Having delivered the treasured birthday card we had a brief catch up in the doorway and before I left in the hurry of the day, Wendy encouraged me with such a great and hearty passage from the Bible - 2 Corinthians 8 v 1-9.
Here it is from The Message translation...
Now, friends, I want to report on the surprising and generous ways in which God is working in the churches in Macedonia province. Fierce troubles came down on the people of those churches, pushing them to the very limit. The trial exposed their true colors: They were incredibly happy, though desperately poor. The pressure triggered something totally unexpected: an outpouring of pure and generous gifts. I was there and saw it for myself. They gave offerings of whatever they could—far more than they could afford!—pleading for the privilege of helping out in the relief of poor Christians.
This was totally spontaneous, entirely their own idea, and caught us completely off guard. What explains it was that they had first given themselves unreservedly to God and to us. The other giving simply flowed out of the purposes of God working in their lives. That’s what prompted us to ask Titus to bring the relief offering to your attention, so that what was so well begun could be finished up. You do so well in so many things—you trust God, you’re articulate, you’re insightful, you’re passionate, you love us—now, do your best in this, too.

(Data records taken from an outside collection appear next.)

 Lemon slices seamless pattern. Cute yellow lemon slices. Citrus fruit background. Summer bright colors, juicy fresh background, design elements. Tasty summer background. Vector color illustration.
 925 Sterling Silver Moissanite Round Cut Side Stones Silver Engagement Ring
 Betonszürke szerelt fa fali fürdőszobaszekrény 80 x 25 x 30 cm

I’m not trying to order you around against your will. But by bringing in the Macedonians’ enthusiasm as a stimulus to your love, I am hoping to bring the best out of you. You are familiar with the generosity of our Master, Jesus Christ. Rich as he was, he gave it all away for us—in one stroke he became poor and we became rich.

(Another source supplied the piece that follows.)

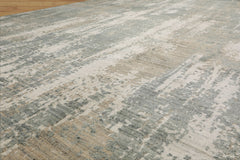 8x10 Gray, Beige, Ivory Color Hand Loomed Sherpa Wool and Silk Modern Oriental Rug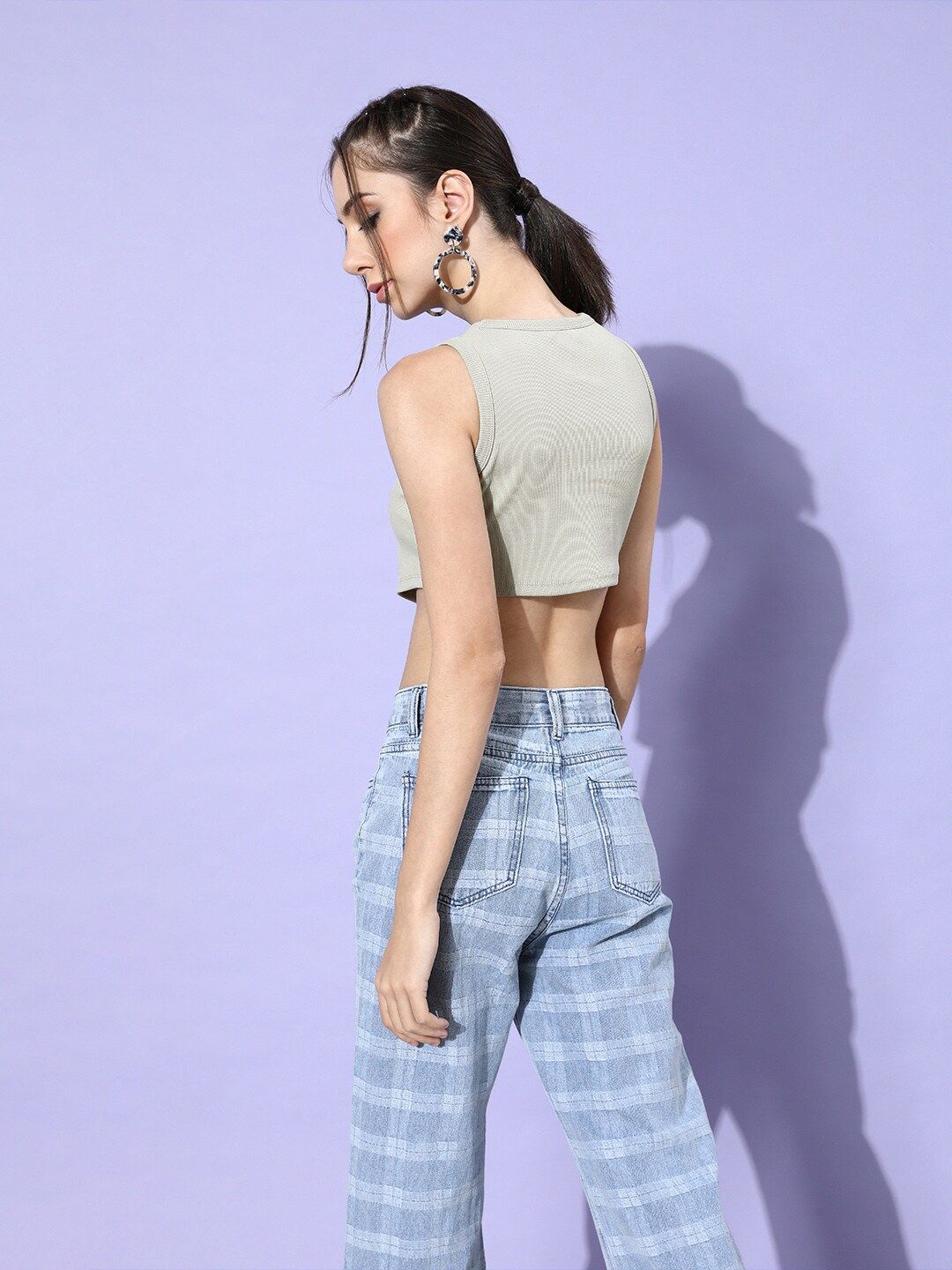 STREET 9 Women Beautiful Grey Solid Cropped Top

There is so much in the Bible about being generous. It is a command we are given and an example that is highlighted on so many occasions, this passage here in 2 Corinthians being just one of them and I think it's a particularly good one (if not a little challenging too!).
'Generous' according to the Oxford English dictionary is:
"Showing a readiness to give more of something, especially money, than is strictly necessary or expected."

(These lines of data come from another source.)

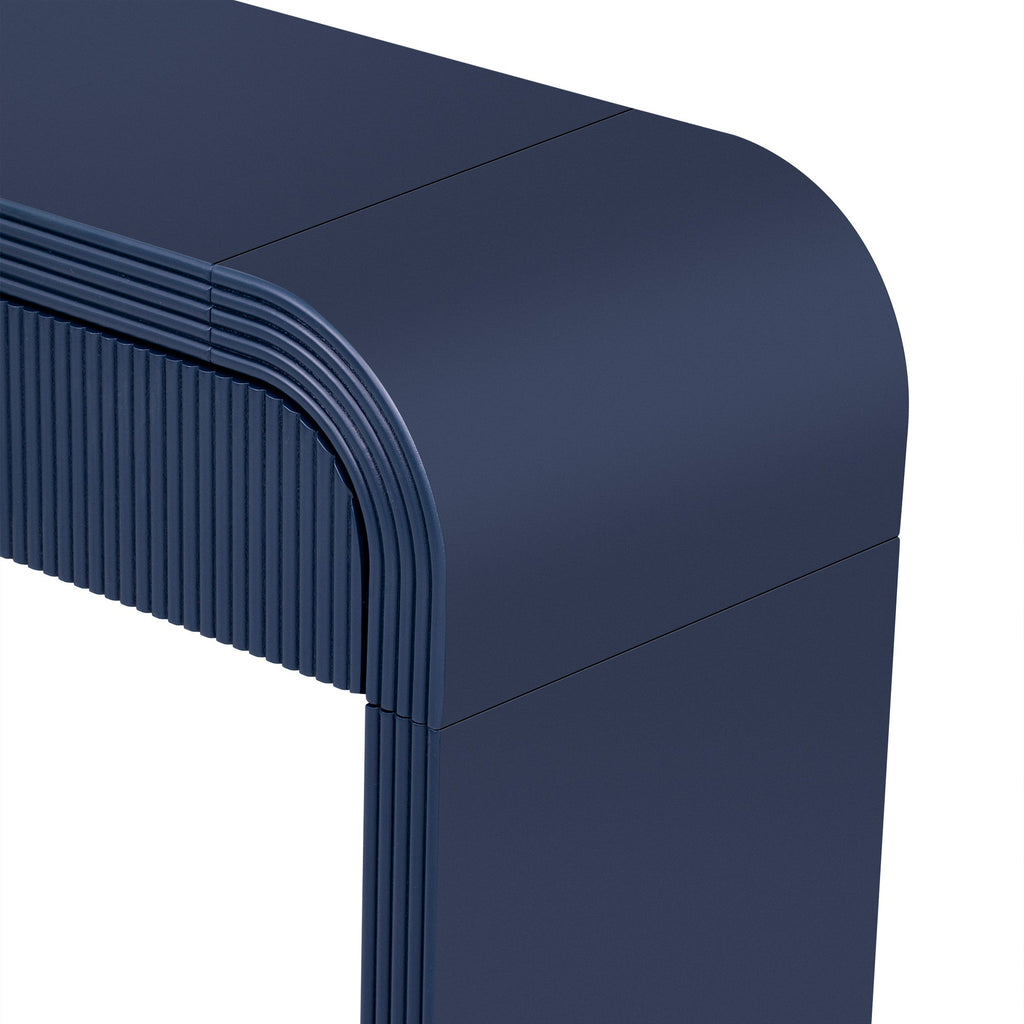 TREXM Modern Console Table with 2 Storage Drawers, Fluted Entryway Table with Rounded Silhouette for Hallway Living Room and Entryway (Navy Blue)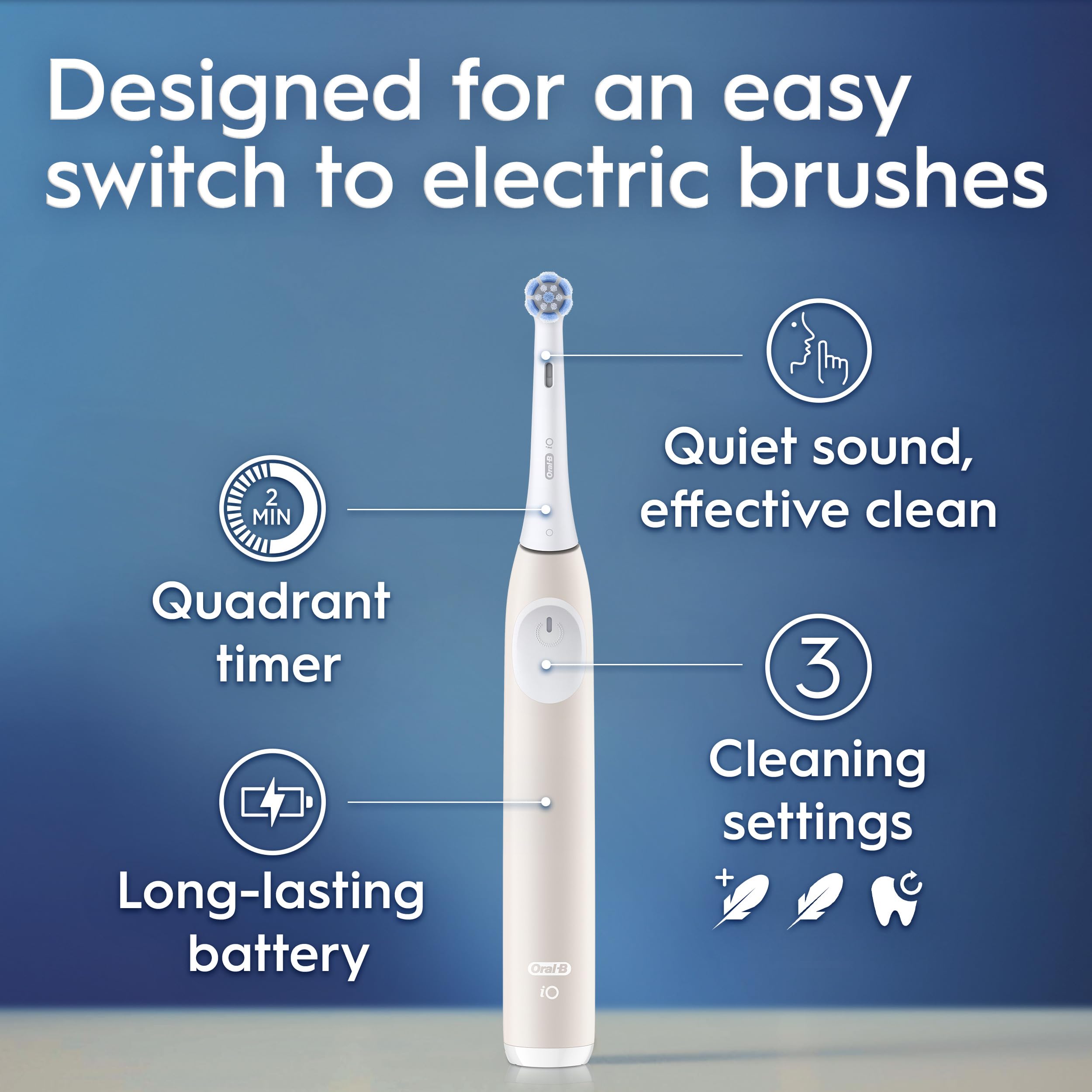 Oral-B iO Elektrische Zahnbürste, Serie 2, wiederaufladbar, Pfirsich mit 1 sanften Pflege-Bürstenkopf – automatischer Drucksensor zum Schutz des Zahnfleisches – 3 Modi – 2 Minuten Timer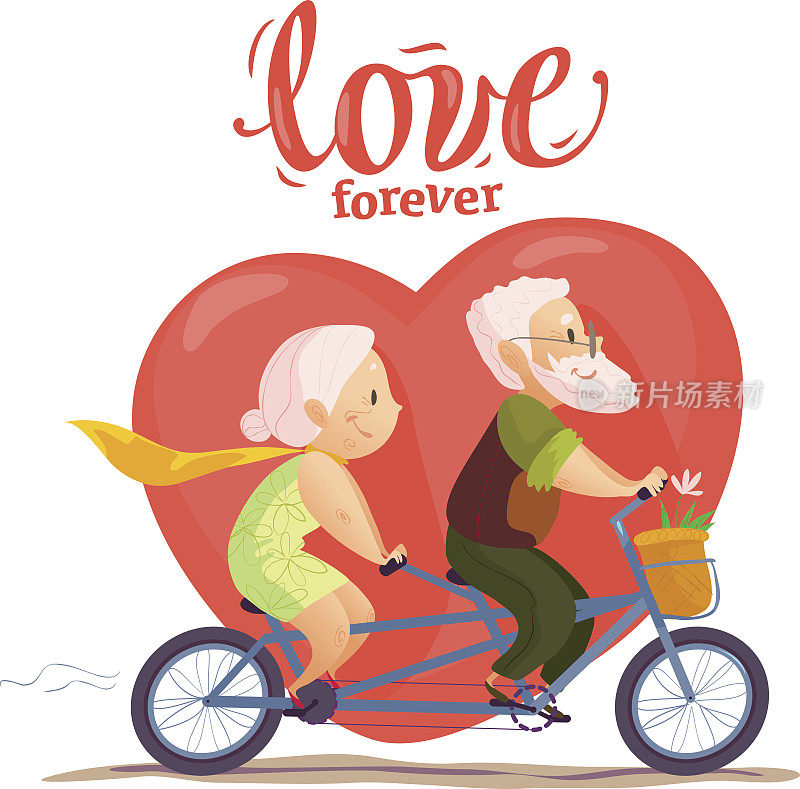 矢量平面肖像老可爱的夫妇骑双人自行车。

Generosity and being a generous person isn't just about how much money we can throw at something out of the excess of what we have. It's about having a readiness in our hearts, a predisposition to give rather than hold onto, to give of more of our time, energy, resource, finance than is necessary. It's actually quite a tall order and the Macedonians Paul is writing about here in his letter to the Corinthians are such incredible examples to each of us.
There's a tough reminder and challenge that runs throughout this passage too.
The Macedonians that Paul is writing about were facing great difficulties and troubles. They had been deeply persecuted yet their joyfulness had not diminished. They had been left at absolute rock bottom, experiencing extreme poverty but their ability to be generous was still intact. The pressure they were facing didn't lead them to retreat, it led them to reach out.
What happens to your generous spirit when trials come knocking at your door?
Paul goes on in his letter say that the only thing that explains this sort of character is the Macedonians "had first given themselves unreservedly to God and to us.... giving simply flowed out of the purposes of God working in their lives."
What a challenge! What a great starting point!
The truth is generosity can feel hard at times. But ask yourself, why is that? Is it because we don't give ourselves unreservedly to God? Is it because we don't simply let the purposes of God flow and work in our lives?
I want to be a generous person. I want to be like the Macedonians Paul is writing about. When pressure comes my way, what will my true colours be? Will I batten down the hatches of generosity, take cover and hope for the storm to pass? Or will I fling wide the floodgates, embrace what God is doing, trust Father God and be ready to give more of my resources, energy, time, finance, than is strictly needed or expected? Paul urges us in this passage to 'do our best in this'. His heart isn't to condemn our previous attempts of generosity, rather to encourage us to be further inspired by the Macedonians and push for more.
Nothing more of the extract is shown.